女性も服装が気になるところだと思います。ふんどしという言葉自体、日常的にほとんど触れないものなので、どんなものかもよくわからないまま「これって必要なの?」と思いながらむかし調べた記憶があります。
この記事では、滝行とふんどしの関係を整理した上で、種類の違い・お寺での貸し出し事情・女性の場合の扱い・自前で揃えるときの選び方まで、ひと通りまとめています。
- なぜ滝行でふんどしを使うのか(宗教的・実用的な理由)
- 越中ふんどしと六尺ふんどしの違い
- お寺でレンタルできるのか・自前で用意する必要があるか
- 女性の場合はどうなるか
- 自前で揃えるときの選び方と行衣(ぎょうえ)との組み合わせ
そもそも、なぜ滝行でふんどしを使うのか
「なぜふんどしなのか」を先に知っておくと、後の話が整理しやすくなります。
行衣の下は「なるべく少なく」が基本
滝行では、白い修行着である行衣(ぎょうえ)を着て滝に入ります。

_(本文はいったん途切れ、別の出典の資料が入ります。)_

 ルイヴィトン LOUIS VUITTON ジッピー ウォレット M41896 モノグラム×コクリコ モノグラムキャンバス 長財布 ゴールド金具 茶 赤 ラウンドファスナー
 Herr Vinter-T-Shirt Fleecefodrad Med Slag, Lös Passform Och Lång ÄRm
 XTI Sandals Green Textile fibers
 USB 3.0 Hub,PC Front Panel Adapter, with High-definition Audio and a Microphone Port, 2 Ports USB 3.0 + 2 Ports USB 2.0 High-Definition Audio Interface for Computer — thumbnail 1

行衣は薄手の素材でできていることも多く、中に厚みのある下着を着ると水に濡れたときに重くなり、動きにくくなります。
ゴムのついた通常のパンツは、濡れると体に張り付きやすく、脱着も手間がかかる。ふんどしは紐で固定するだけなので、水の中でもからだにフィットしつつ、脱着がしやすい。実用的な理由からも、滝行の装備として定着しています。
宗教的・文化的な背景
もうひとつの理由は、伝統的・宗教的な文脈です。
「ふんどし」は、古代から日本で男性の基本的な下着として使われてきました。江戸時代には庶民の間で広く普及し、戦前までは成人男性のほぼ全員が着用していた装束です。修験道(しゅげんどう)や神道における水行・禊(みそぎ)の場でも、ふんどしは「修行者の装い」として長く使われてきた経緯があります。

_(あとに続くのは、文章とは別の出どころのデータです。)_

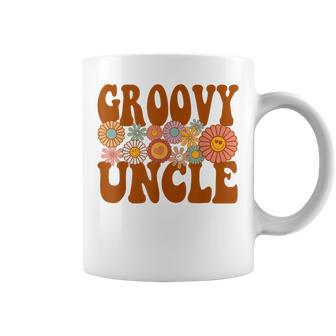 Retro Groovy Uncle Matching Family 1St Birthday Party Coffee Mug | Mazezy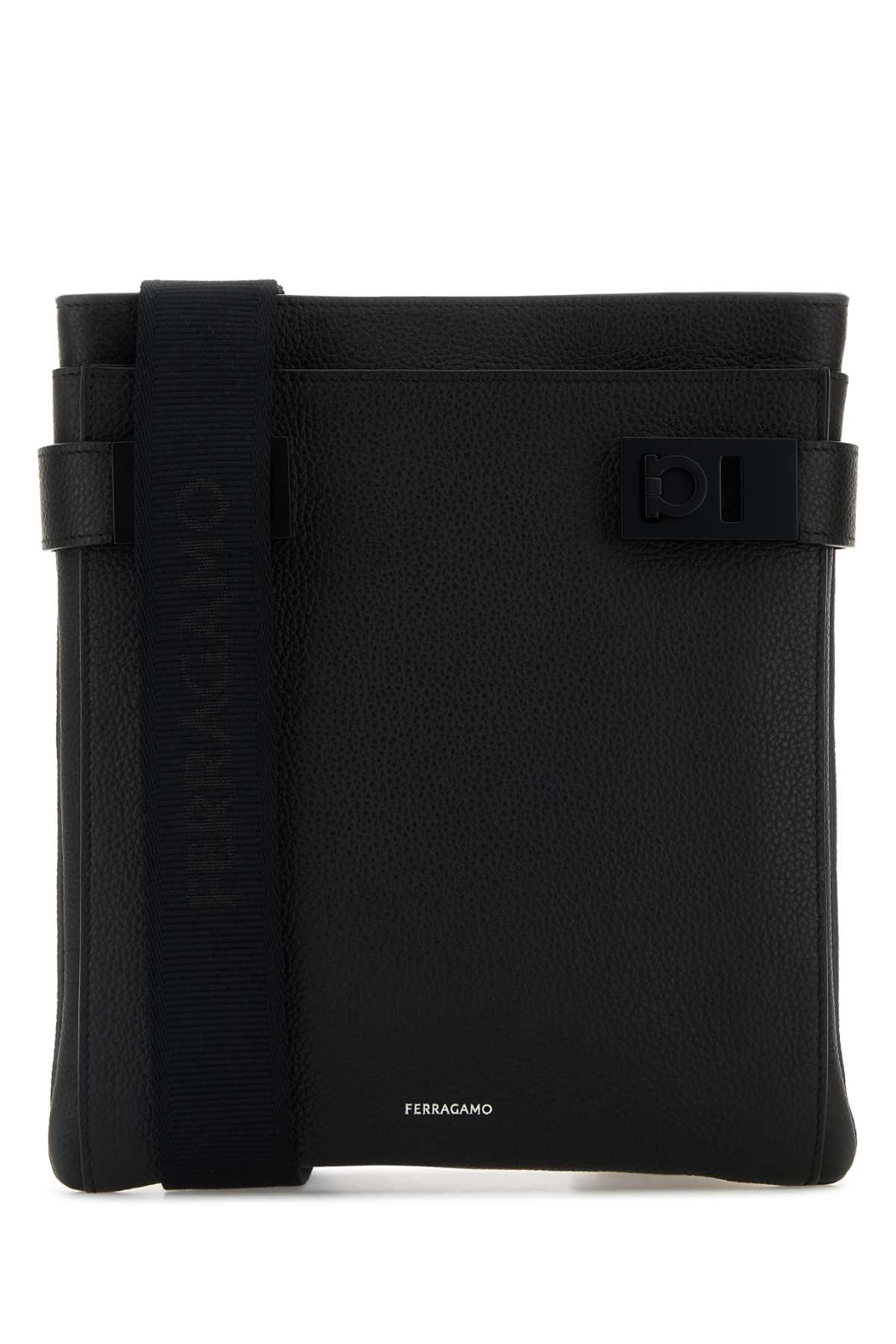 Black leather crossbody bag 241624775173NERO (FERRAGAMO / ハンドバッグ・ショルダーバッグ ) | FERRAGAMO (フェラガモ)
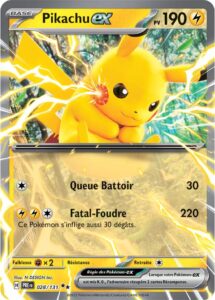 Pikachu-ex 028/131 — Évolutions Prismatiques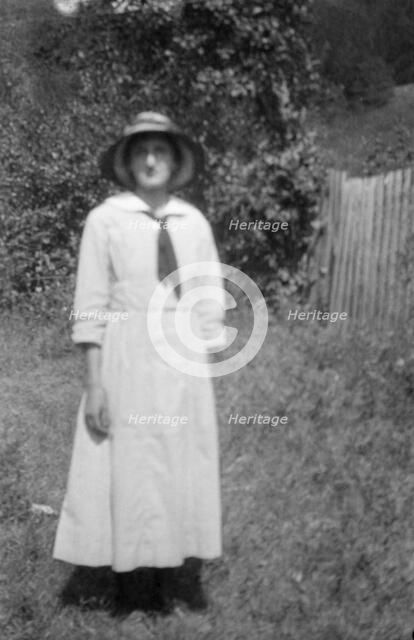 Maud Karpeles, Appalachia, USA, c1917. Artist: Cecil Sharp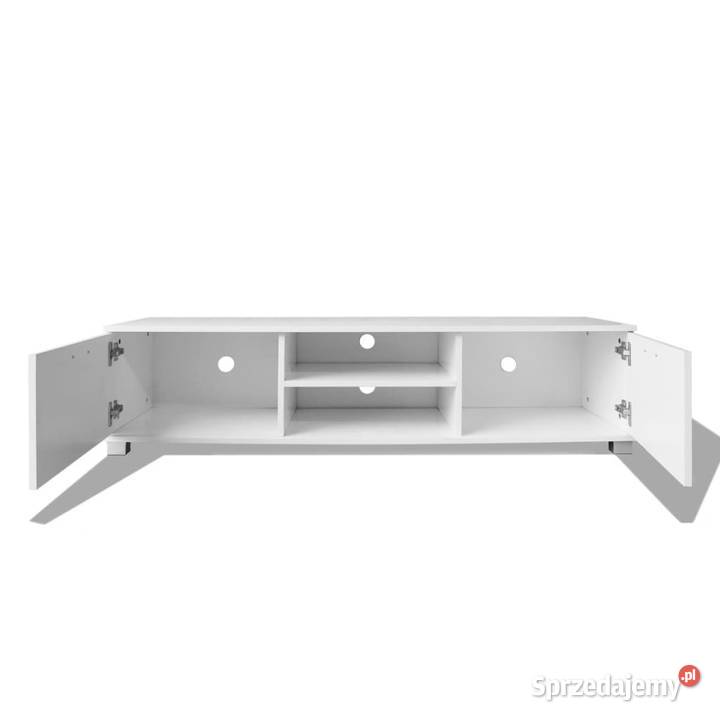 Szafka pod TV wysoki połysk biała 140x405x35 Warszawa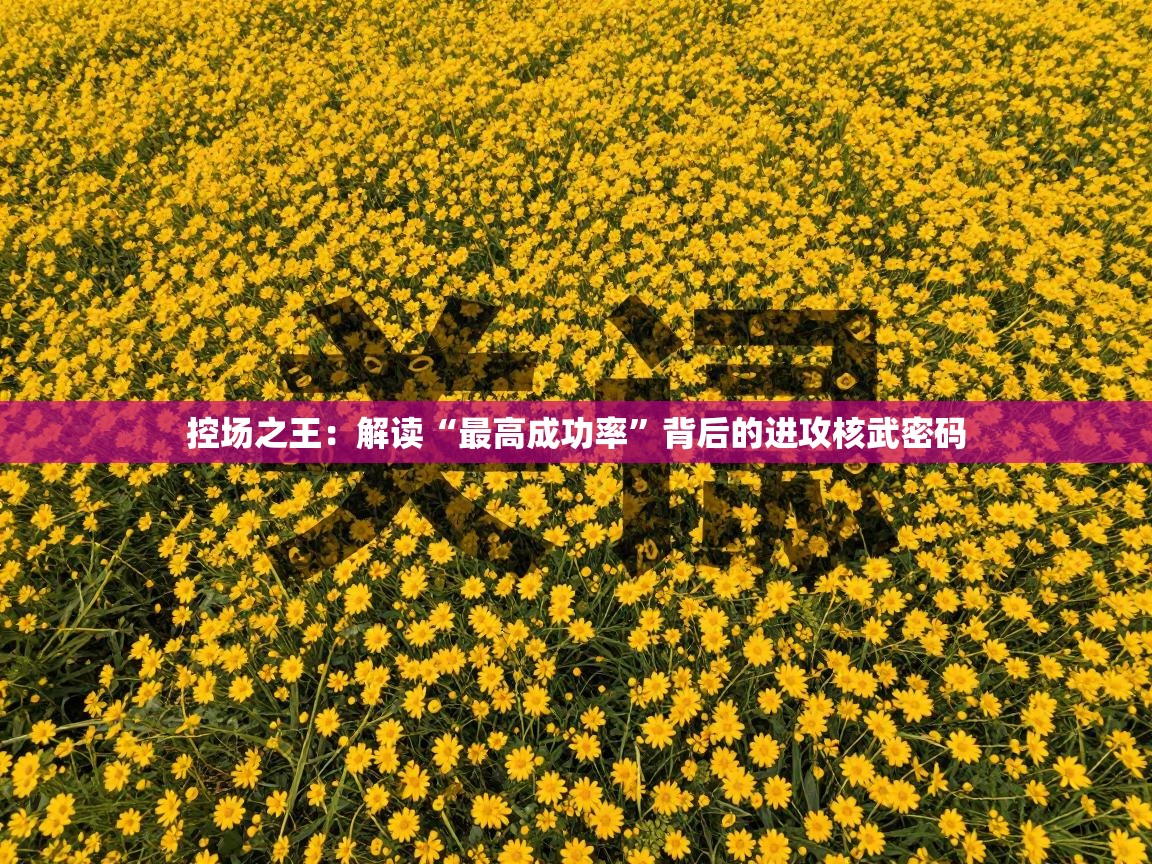 控场之王：解读“最高成功率”背后的进攻核武密码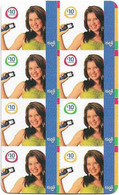 Honduras - Tigo - Girl Holding A Mobile (Full Set Of 8 In 1), Exp.08.2010, GSM Refill 10H Lempira, Used - Honduras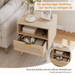 Nachttisch mit Schublade & offenem Regal, 45 x 40 x 55 cm - YB - W3180P272031 - 7 - Yorbay.de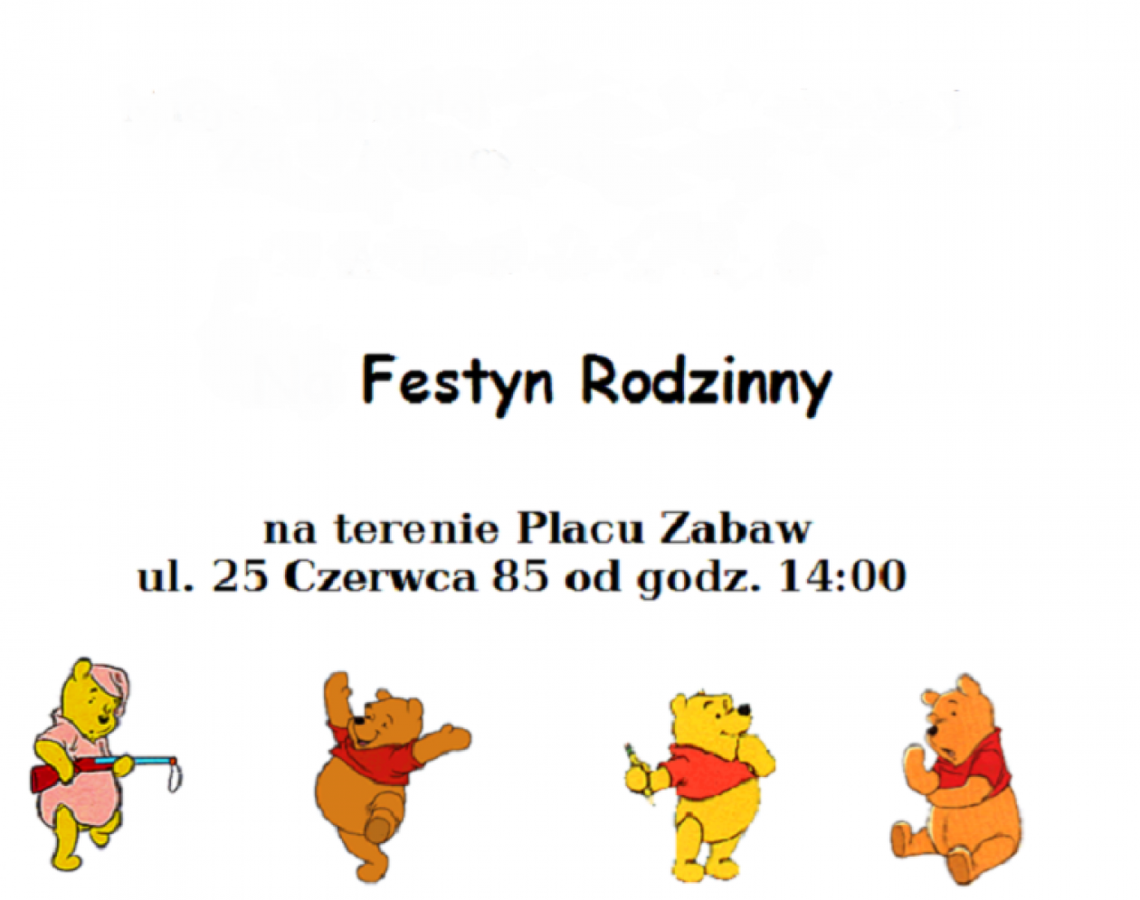 Festyn rodzinny na placu zabaw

「なんでわざわざ」と思う方もいるかもしれませんが、実際に体験してみた人の話では、ゴムの締め付けがなく、水の中で意外と動きやすいことに感動する人も多いようです。
ふんどしの種類と、滝行での使い分け
ふんどしにはいくつかの種類があります。滝行で関係するのは主に2種類です。
越中ふんどし(えっちゅうふんどし)・もっとも一般的
腰に紐を結び、布を股にくぐらせて前に垂らす形のふんどしが「越中ふんどし」です。前垂れが特徴で、着脱がシンプル。装着も比較的簡単なので、ふんどし初心者でも扱いやすいタイプです。
体験プログラムでレンタルされるのも、多くの場合この越中ふんどしです。サイズもフリーサイズのものが多く、体型を選ばないのが利点です。
六尺ふんどし(ろくしゃくふんどし)・本格派向け
長い一枚の布を股の間に通し、腰にぐるりと巻き付けて締める形のふんどしが「六尺ふんどし」です。その名の通り、布の長さが約六尺(180cm前後)あり、越中ふんどしよりも固定力が高く、動いても崩れにくい。力士がつける「まわし」と同じ構造で、伝統的な修行装束として使われてきました。

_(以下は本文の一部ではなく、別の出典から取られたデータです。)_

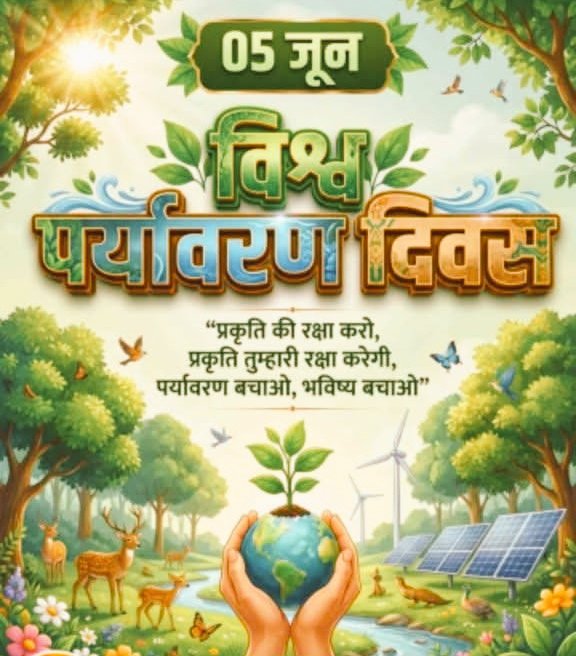 GorA013's tweet photo. प्रकृति से हम हैं
हम से प्रकृति नहीं
यही हिन्दुत्व का मर्म है। 

स्वस्थ पर्यावरण ही स्वस्थ जीवन का आधार है।” 🌿

आप सभी को विश्व पर्यावरण दिवस की हार्दिक शुभकामनाएं। 

आओ हम सब मिलकर पेड़ लगाए , जल बचाए, प्राकृतिक कृषि अपनाये और अपनी भूमि को सुशोभित करें।  🌍✨

#विश्व_पर्यावरण_दिवस 🌳🌴🍀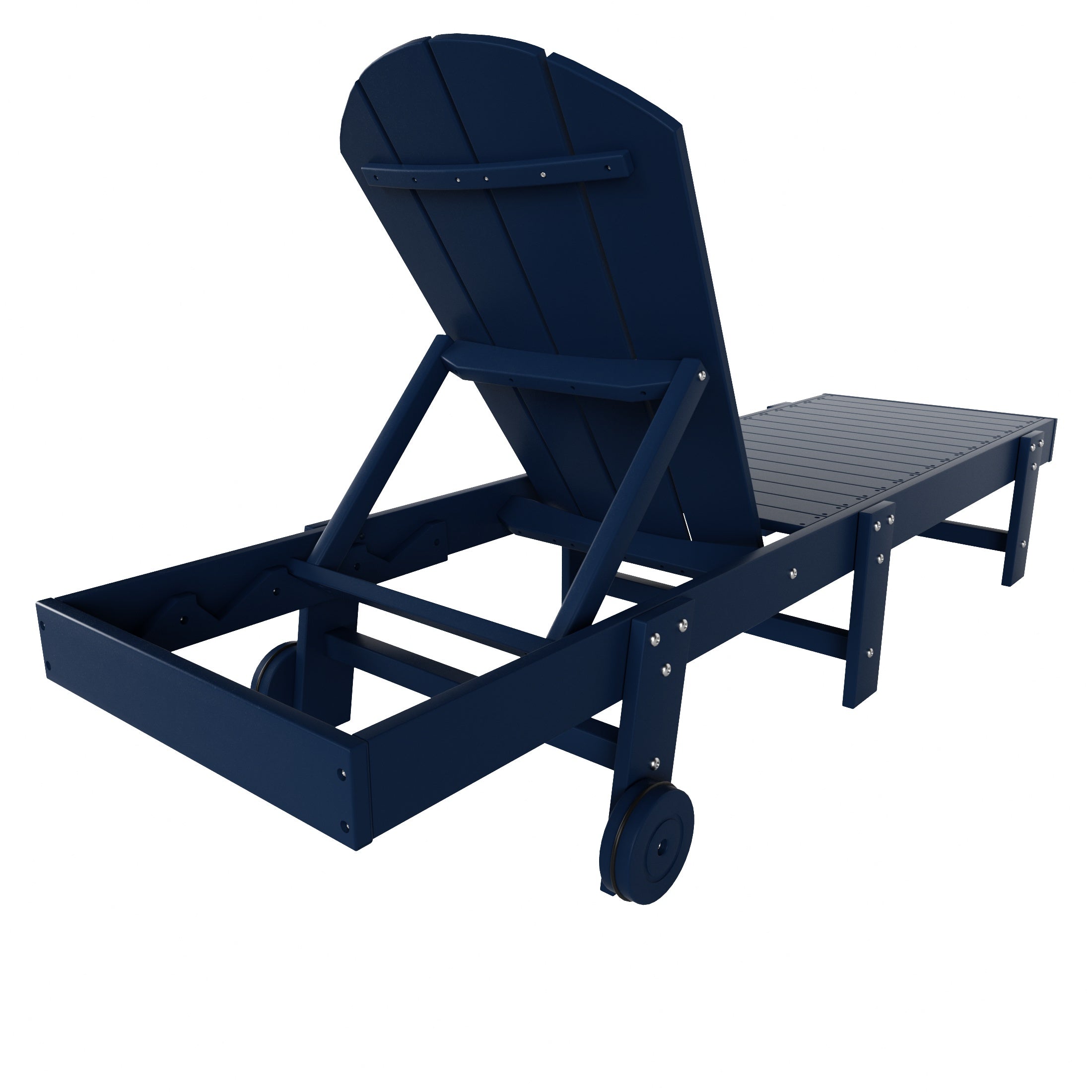 Chatham All-Weather Outdoor Adirondack Reclining Sun Lounger With Wheels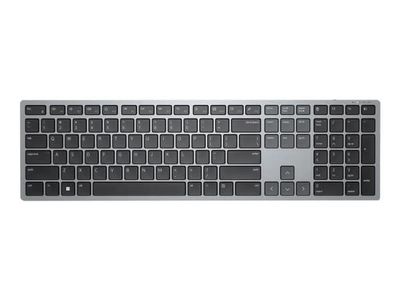 Dell Multi-Device KB700 - Tastatur - trådløs - 2.4 GHz, Bluetooth 5.0 - QWERTY - Pan Nordic - grå - med 3 years NBD Advance Exchange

ただし装着方法が少し複雑で、慣れるまで時間がかかります。初めて滝行に参加する方、特に一般向けの体験プログラムでは、六尺ふんどしを自前で持ち込む必要はほぼありません。繰り返し修行に参加する方や、本格的な修験道の道場に入る方が、自分に合った形として選ぶことが多い種類です。
初めての体験なら「越中ふんどし」で十分
まとめると、はじめて参加する方は越中ふんどし一択で問題ありません。お寺でレンタルできることが多いので、自前でわざわざ購入してから臨む必要もほぼないです。これについては次のセクションで詳しく書きます。
お寺で借りられる?それとも自前が必要?
多くの場所でレンタルもしくは買取がある
体験プログラムを設けているほとんどの寺院・神社では、ふんどしのレンタルもしくは買取が用意されています。行衣とセットで貸し出してくれる場所が多く、参加料に含まれているケースもありますし、別途レンタルor買取の場合もあります。
たとえば御岳山の体験スポットではふんどし・鉢巻のセットが数百円でレンタルできますし、犬鳴山七宝瀧寺(大阪)や高尾山薬王院(東京)などの主要スポットでも、行衣一式の貸し出し対応があります。
「ふんどしを自前で用意しないと参加できない」という場所は、一般向けの滝行体験プログラムの範囲ではほぼありません。
予約の際に「レンタルはありますか」といった記載を確認しておけば十分です。
自前で持つメリット
それでも、自前のふんどしを用意したい方もいると思います。メリットは3つあります。
- サイズの確実性:レンタル品はフリーサイズが多く、体型によっては合わないこともある。自前なら自分のサイズで確実に着用できる
- 衛生面の安心感:レンタル品は洗濯・消毒されているとはいえ、他の人が使ったものに抵抗がある方には、自前の方が安心
- 繰り返し参加するなら割安:2〜3回参加すればレンタル料の合計より安くなることが多い
初回は様子見でレンタル、気に入って続けるなら自前を用意。という順序が自然だと思います。
女性の場合、ふんどしは必要ですか?
「女性もふんどしを着けるの?」という疑問は、ごく自然だと思います。結論から言うと、女性は基本的にふんどしは使いません。別の形が基本です。
女性はもし着るならば「さらし」や専用の「滝行着」が基本
伝統的な滝行では、女性は「さらし滝着」と呼ばれる白い専用の行衣を着用する形が基本でした。胸元をさらしで巻き、行衣を羽織る、という装いです。ふんどしは使わず、下はさらしや白い下着を用いるのが伝統的な形とされています。ただ、現代の滝行体験プログラムでこれを着用する場所はほとんどないです。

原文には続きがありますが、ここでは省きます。